Her special interests are childhood leukaemia, Wilm’s Tumour (a cancer of the kidney), childhood acute lymphoblastic leukaemia and inherited haemoglobin defects. She has always kept abreast of the latest research and passes her knowledge to the hundreds of medical students she lectures at the University of the Witwatersrand’s Medical School.

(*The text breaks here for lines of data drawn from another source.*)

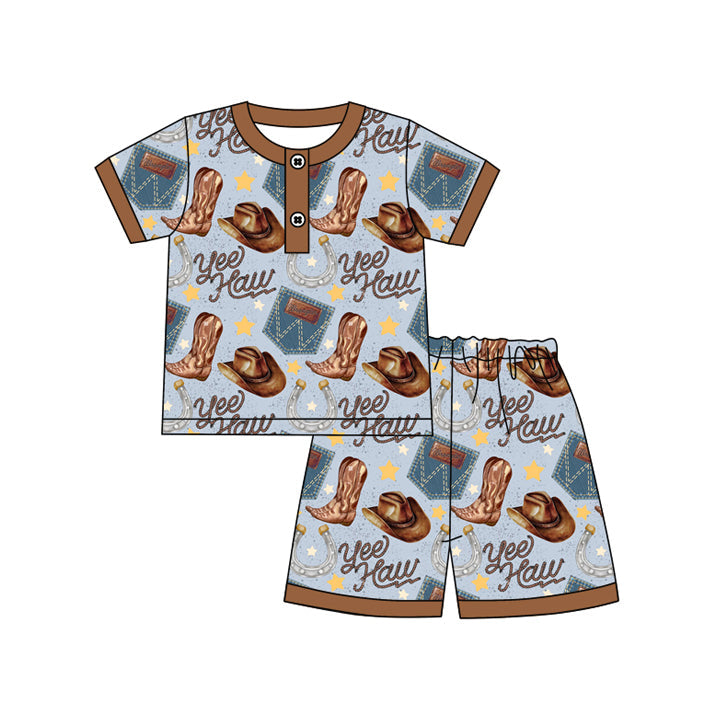 Preorder Baby Boy Short Sleeves Western Boots Shirt Shorts Pajamas Clothes Set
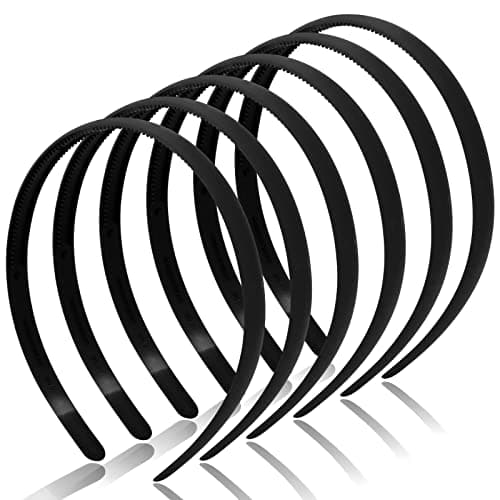 TOBATOBA 6Pcs Thin Nonslip Headbands for Girls & Women (Multi-color, 12 mm)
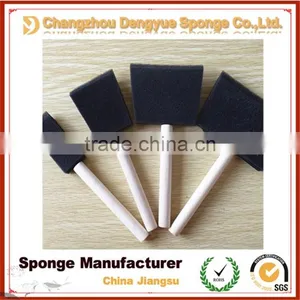 Black PU Sponge Soft Filter Foam Drawing Painting Craft Foam Brush With Wooden Handle thumbnail-5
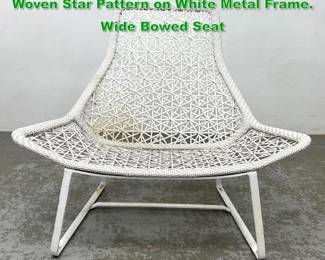 Lot 1336 Modernist Outdoor Lounge Chair. Woven Star Pattern on White Metal Frame. Wide Bowed Seat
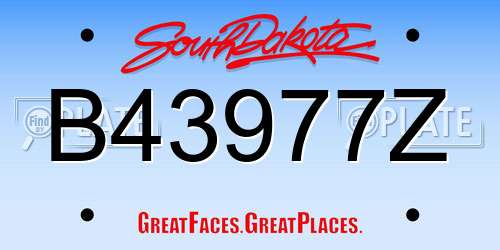 B43977Z South Dakota License Plate
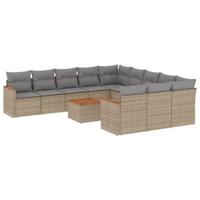 12-delige Loungeset met kussens poly rattan gemengd beige - thumbnail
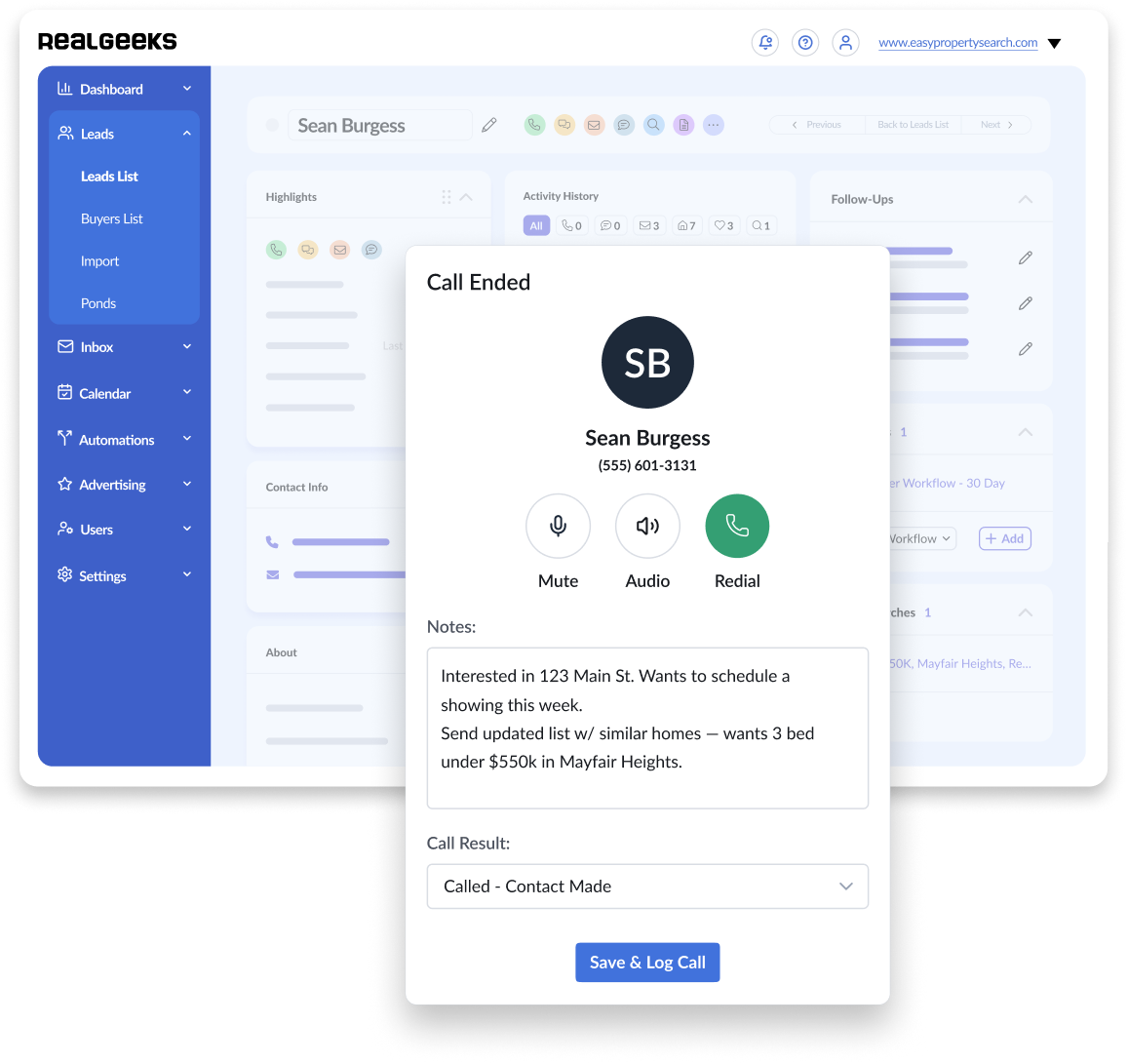 Illustration of the Real Geeks Dialer showing an in-progress call and agent notes inside the CRM.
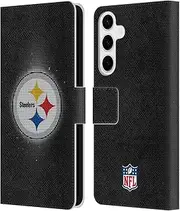 Head Case Designs Officially Licensed NFL LED Pittsburgh Steelers Artwork Leather Book Wallet Case Cover Compatible with Samsung Galaxy S24+ 5G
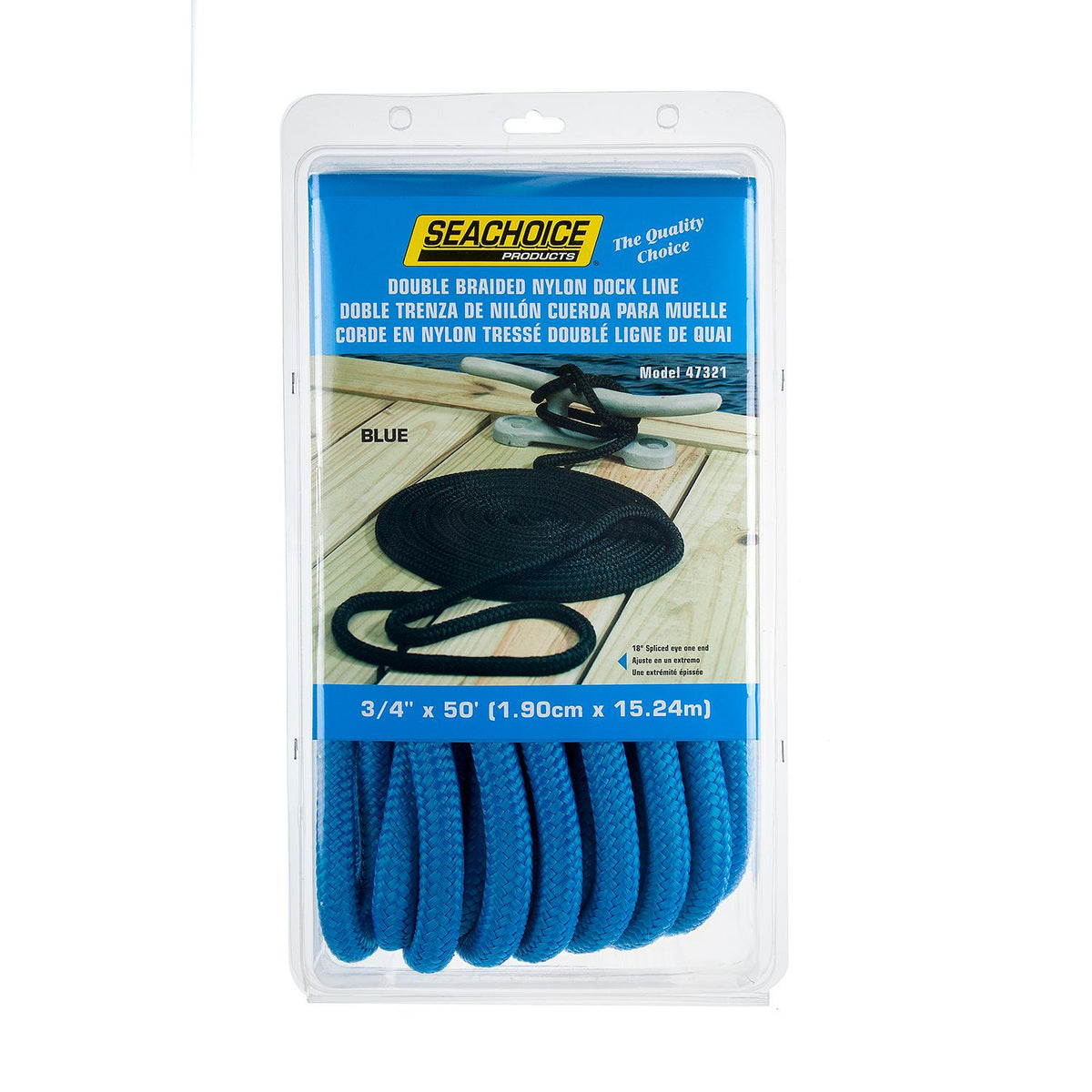 Double Braid Nylon Dock Line, Blue, 3/4in x 50ft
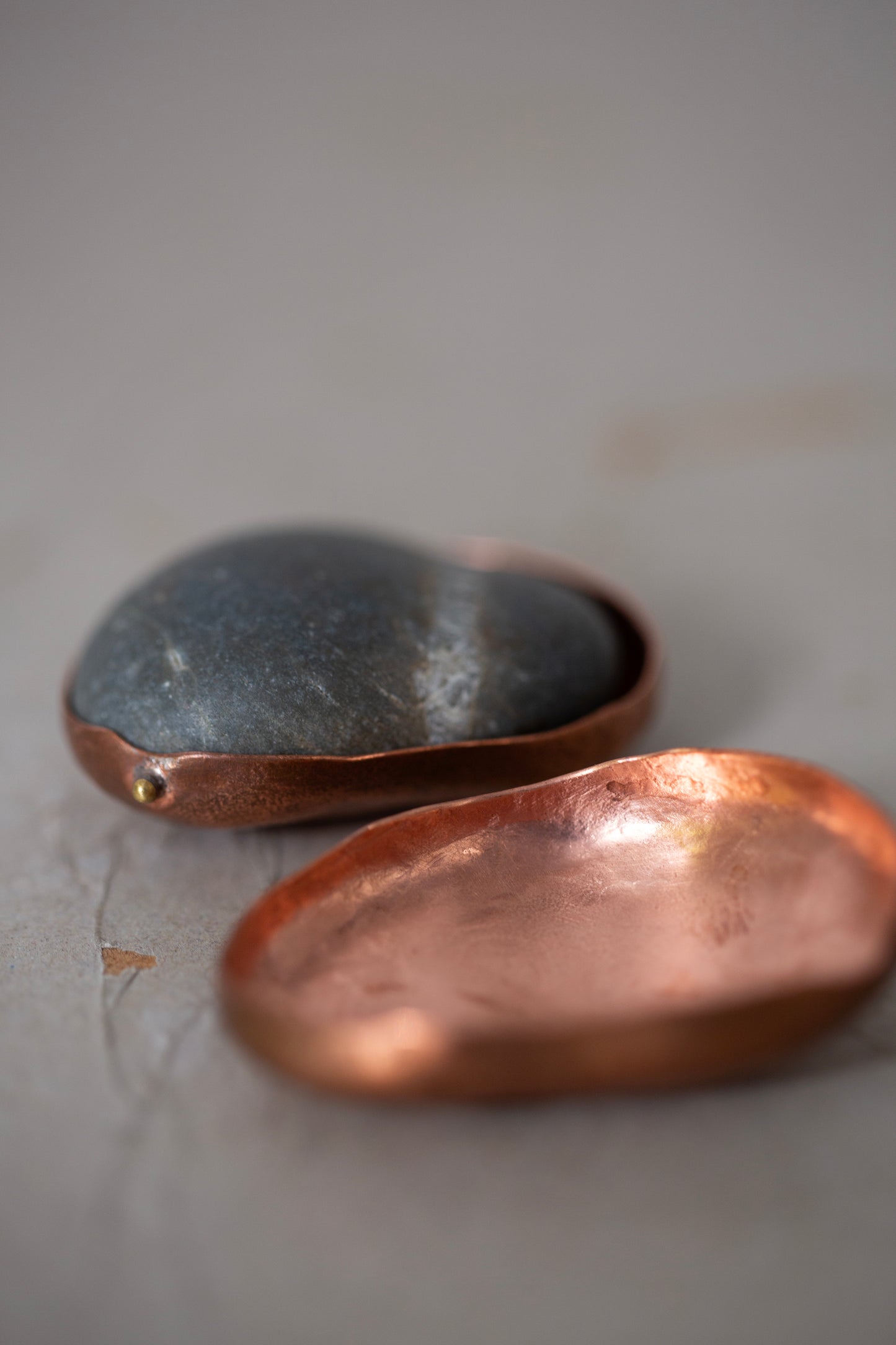 Ishiki stone in a copper vessel
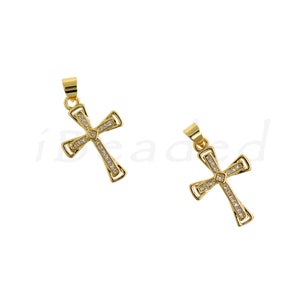 18K Filled Gold Diamond Christian Cross Pendant, Religious Jewelry Accessory, Lucky Charm, 23x15mm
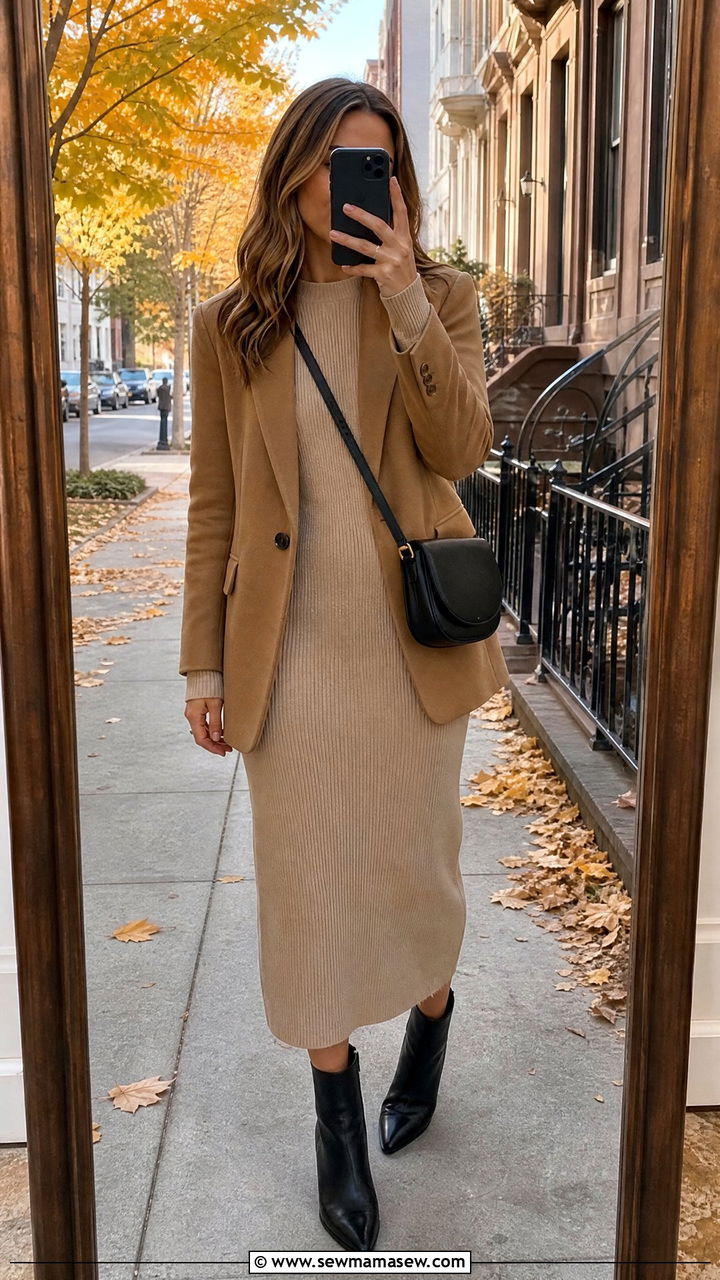 Knit Midi Dress With Blazer And Ankle Boots - 30 Midi dress with blazer outfit ideas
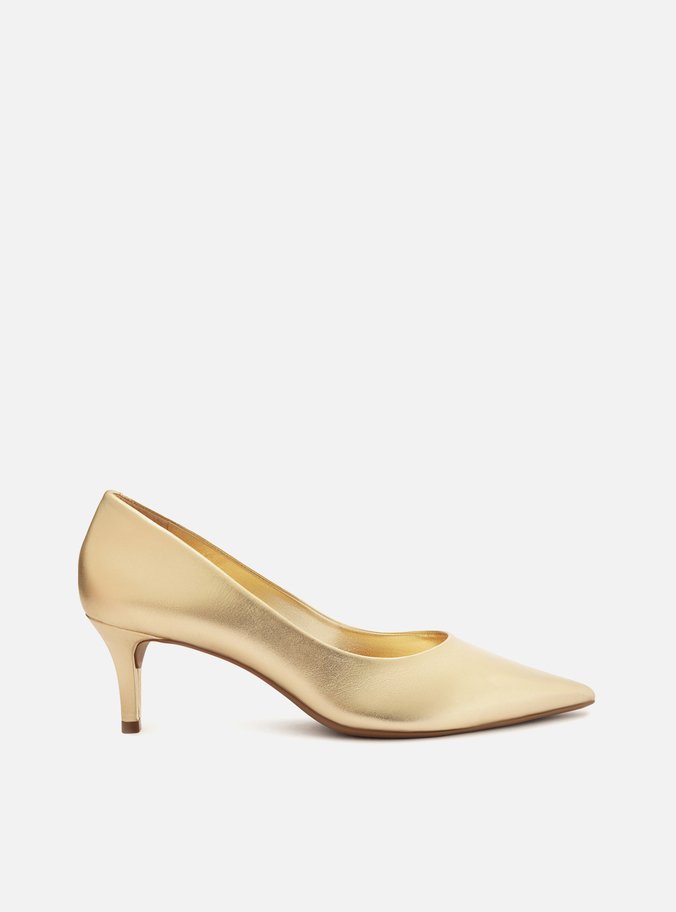 Scarpin Dourado Couro Salto Baixo Fino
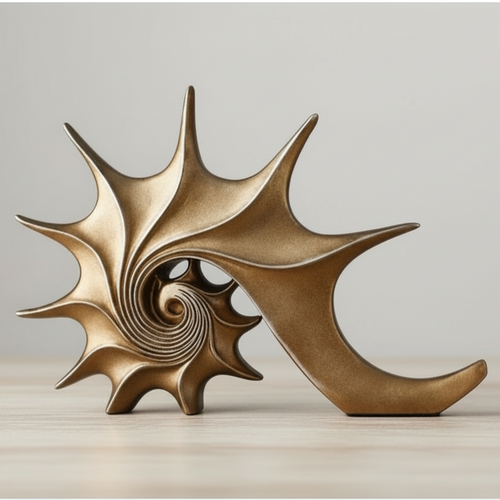 Gold, blue, and bronze resin conch shell sculptures used as coastal table art, featuring intricate shell details.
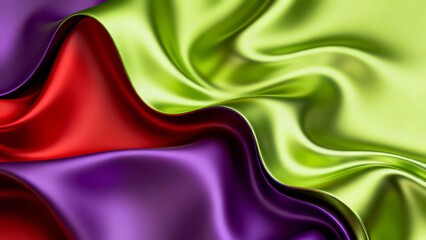 Vibrant silk fabric waves in rich red, purple, and lime green hues, blending smoothly with glossy folds and elegant curves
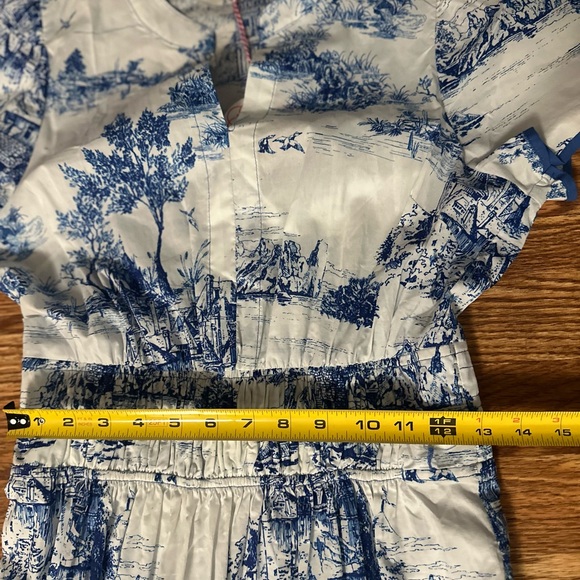 🆕 Umgee Blue Toile Midi Dress Size Small - Picture 8 of 13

It was her choice to stay in the public sector to work with the poorest of the poor. This has enabled state-of-the-art medical treatment to reach many South African children diagnosed with cancer regardless of race, creed, social standing or financial status.
Dr Poole qualified in 1978 at the University of the Witwatersrand. Five years later she became a specialist paediatrician and commenced work in the Paediatric Haematology/ Oncology Unit at the Johannesburg Hospital in 1984.
She spent most of her career at the Johannesurg Hospital except for the eight years between 1989 and 1997 when she worked at the Chris Hani Baragwanath Paediatric Haematology/Oncology Unit. Dr Poole returned to the Johannesburg Hospital to become head of the unit as a Principal Specialist. She is also registered as a sub-specialist with Oncology.
From her training days she has always had a specialist interest in the management of the B.Thalassaemia patients, first at Coronation Hospital, then at the Johannesburg Hospital. In 2002, all Gauteng patients with B Thalassaemia major were transferred to the Johannesburg Hospital to be under the care of the Paediatric Haematology and Oncology Unit.
She has been involved with CHOC, the parent support group since starting to work in the Paediatric Haematology and Oncology Clinic at the Johannesburg Hospital.